A GCC bug: tracking affected software
A while ago, I was browsing Hacker News and stumbled upon
this article which picked my
curiosity. It is about a bug in GCC 9 and 10 that, “under some circumstances
[…] will cause
memcmp to return an incorrect value when one of the inputs
is statically known array that contains NULL bytes”. If you haven’t clicked on
the link yet, do so and have a read, it’s
going to be important for the rest of this post!
With more hardware I could do a more thorough investigation of the consequences of this GCC bug.
This last line of the article got me thinking.
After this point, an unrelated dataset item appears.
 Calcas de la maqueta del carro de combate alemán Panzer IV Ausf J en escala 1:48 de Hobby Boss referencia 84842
What if I could use the processing power of the school computers to actually recompile a lot of software and find out what is actually affected by this bug? Clicking on the link in that last line, I ended up on a familiar website: the Hydra instance of the NixOS Foundation. Hydra is a Nix build farm that basically builds software from its Nix expression. And indeed, with a big Hydra cluster, I would be able to recompile the whole of nixpkgs, the Nix package repository, and with it, more than 60000 packages.
So I went and added the article’s proposed patch to my fork of nixpkgs, for GCC 9 and 10: https://github.com/rissson/nixpkgs/commit/253f5f809b319f7cd76719d758ed52c4f24634ef
Building a lot of packages
In the rest of this post, I will be mentioning “builds” and “build steps”. A build is the result of one or several build steps. Those steps can be, among other things, retrieving the package sources, building it, building one of its dependencies.
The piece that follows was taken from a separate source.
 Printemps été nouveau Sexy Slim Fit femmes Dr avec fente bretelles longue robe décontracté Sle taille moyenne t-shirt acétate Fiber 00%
As Hydra uses Nix to build the packages, the next step was to somehow get Nix installed on the school computers. Instead of installing it on the existing Arch Linux images, I decided to create my own NixOS image, which you can learn more about here. This being the point of another post, let’s move it along. I then installed Hydra on one of our servers and got busy.
First, I built nixpkgs once without the patch, to have all the packages built once, and to get an estimation of how long it would take me. This first iteration involved 151746 build steps, which amounts to 2405854 seconds (27 days, 20 hours, 17 minutes and 34 seconds). This took about 8 hours, 55 minutes and 42 seconds and 99 machines.
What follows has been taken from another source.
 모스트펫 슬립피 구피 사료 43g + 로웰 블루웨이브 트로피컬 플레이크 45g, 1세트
And then I rebuilt nixpkgs with the patch, so I could see which ones were affected by it. This involved 92684 build steps, much less than before as some packages didn’t need rebuilding, which amounts to 2890923 seconds (13 days, 23 hours, 2 minutes and 3 seconds). This took about 50 hours, 30 minutes and 1 second, from the first build to the last, with interruptions in between, and 172 machines.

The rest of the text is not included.